As we tried to tell Wilson, the law as it appears now- and as is listed in the “material to be deleted” at the county’s web site– already requires subject individuals to “not be allowed to participate in matters pending before them”
The underlining of “not” was Wilson’s emphasis, not the county’s but apparently indicates that he thinks this is a trick wording, making it some kind of double negative.
But in fact the “trick” is that the description contained in the question is one that perfectly depicts the current law.
As we detailed in a column last Wed.- where you can read both the portions of the charter to be deleted and added as well as our complete analysis- during the 2006 election the charter was changed to require that a conflict of interest would required conflicted individuals to recuse themselves from discussing and voting upon the matter in question.
The current proposal keeps the recusal provisions but seeks to water that down by circumscribing a limited set of what constitutes a conflict- proposing to change the definition that has been in the Charter since it’s inception.
The definitions never bothered councilpersons in the past since all they had to do was “declare” a conflict of interest and then do nothing about it. Not only that but the de facto method of doing that was to simply send a “communication” to the council “informing” them of the conflict..
But those were not “communications for approval” but to “inform” the council. This meant that when the communication regarding the potential conflict came up for discussion at the council meetings the communications were “received for the record” along with a weekly laundry list of “communications for receipt” and rarely if ever read aloud for the TV viewing public.
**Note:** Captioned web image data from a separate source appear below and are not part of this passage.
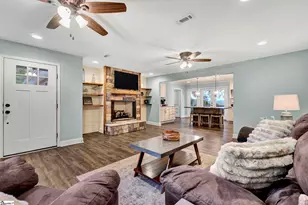 578 Gap Hill Rd, Six Mile, SC 29682 - Photo 7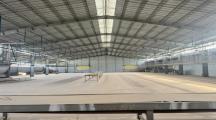 BÁN XƯỞNG SẢN XUẤT 8.000m2 GẦN KCN AMATA - ĐỒNG NAI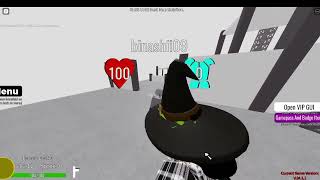 man fuck you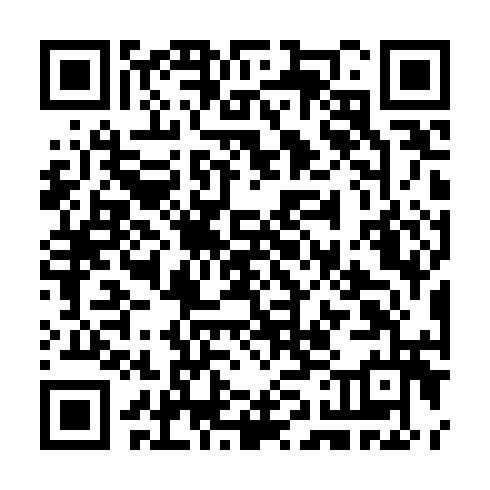 QR code for TZJ209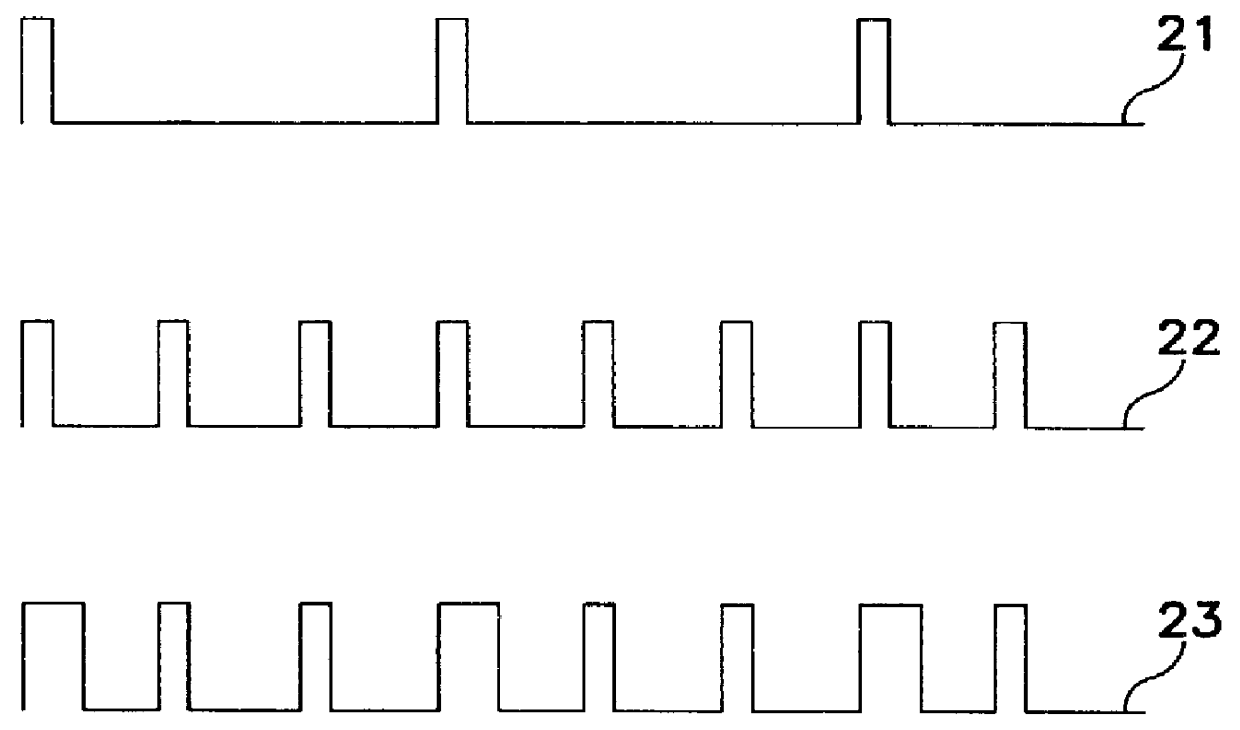 Therapeutic field generator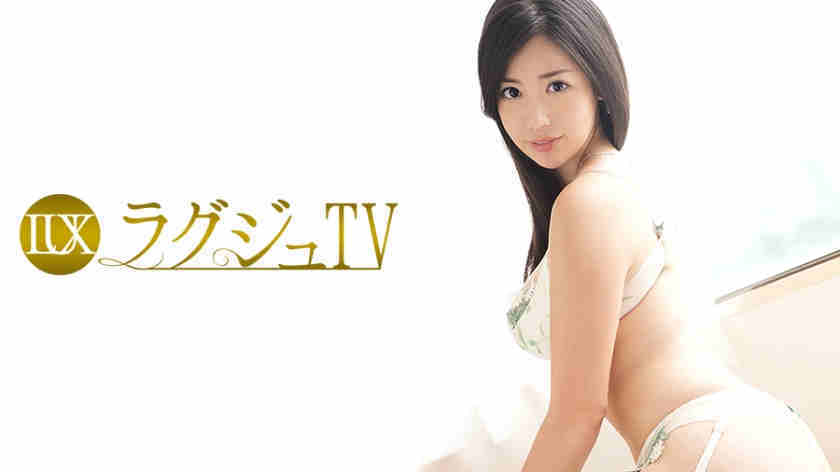 259LUXU-076,TV 054,藍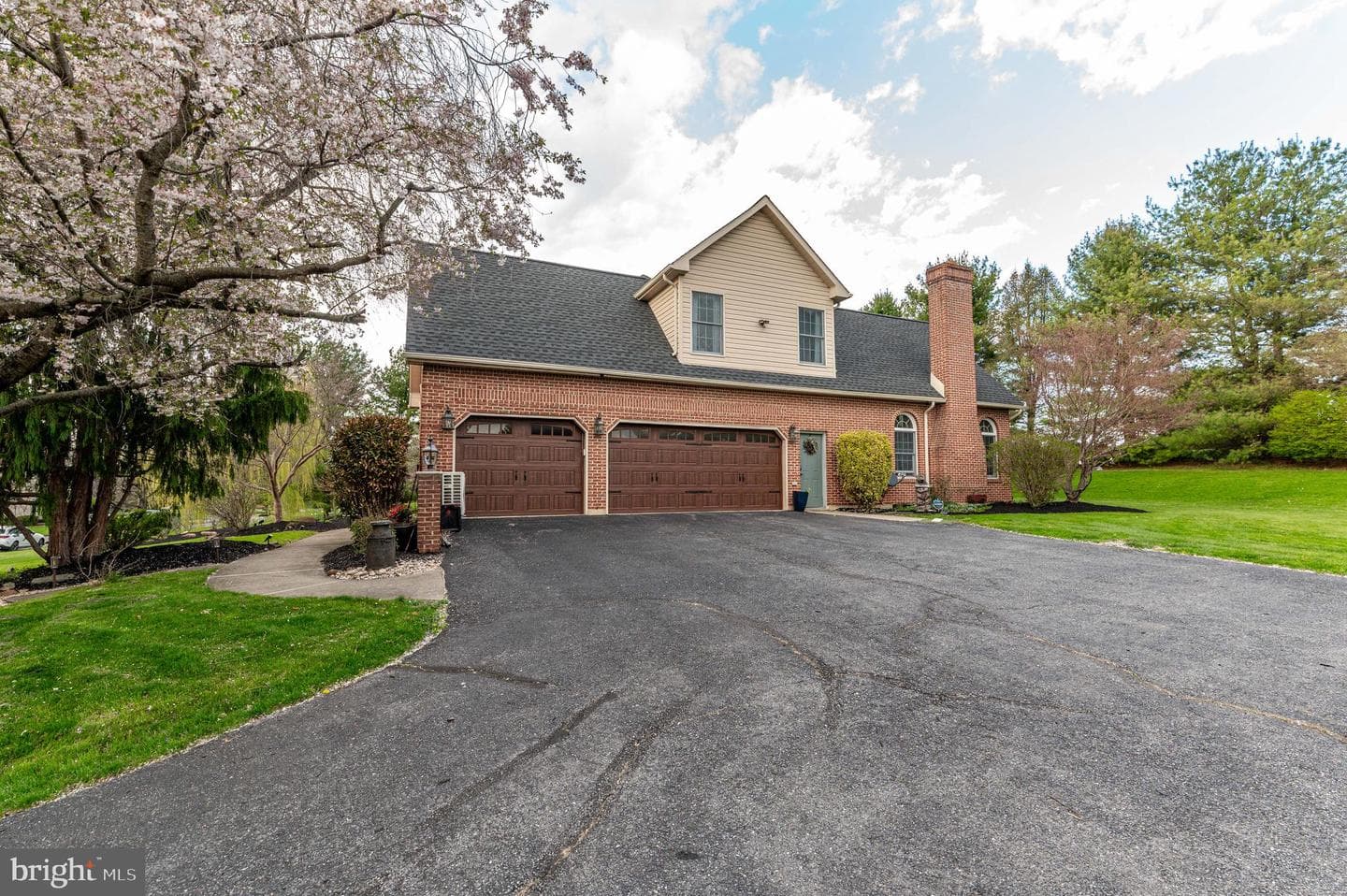 4260 Farmersville Court photo 74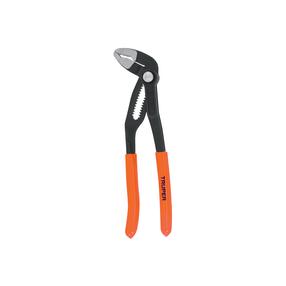 Torutangid Truper PEX-7E, 180 mm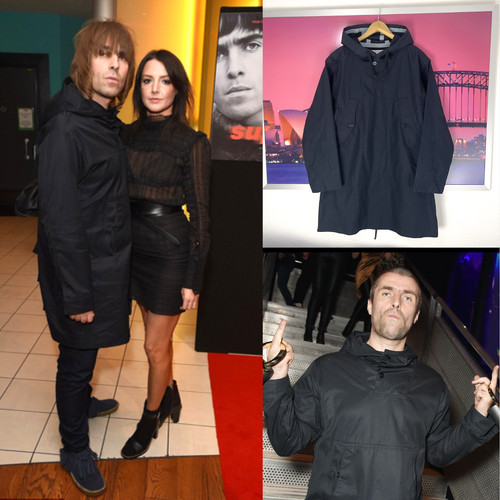 Rare pretty green white label - white,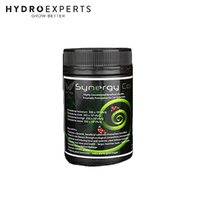 Med-Tek Synergy Coir Beneficial Microbes - 275G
But once the new law required non-participation, all of a sudden it was “too severe” as councilpersons discussed and agreed upon unanimously this past summer.
Though the new law keeps the recusal provisions it restricts conflicts to those who are certain officers of a company or organization and restricts subject family members to only certain ones and not others.
This means that under current law, for instance, a councilperson’s sister-in-law who works as a manager at Grove Farm would not cause a conflict under the proposed law if Grove Farm were applying for some resort zoning or some other slurp at the county trough. Her positions in both the family and the business would exclude her from causing a potential conflict of interest under the proposed charter amendment.
And for the record although, as we said yesterday, Walter Lewis’ column on this charter amendment said it “seem(s) to offer (a) reasonable reform” he also said “I do not have any firm recommendations as to the proposal... relating to disclosure of interests” which we did not report. We regret any confusion this might have caused.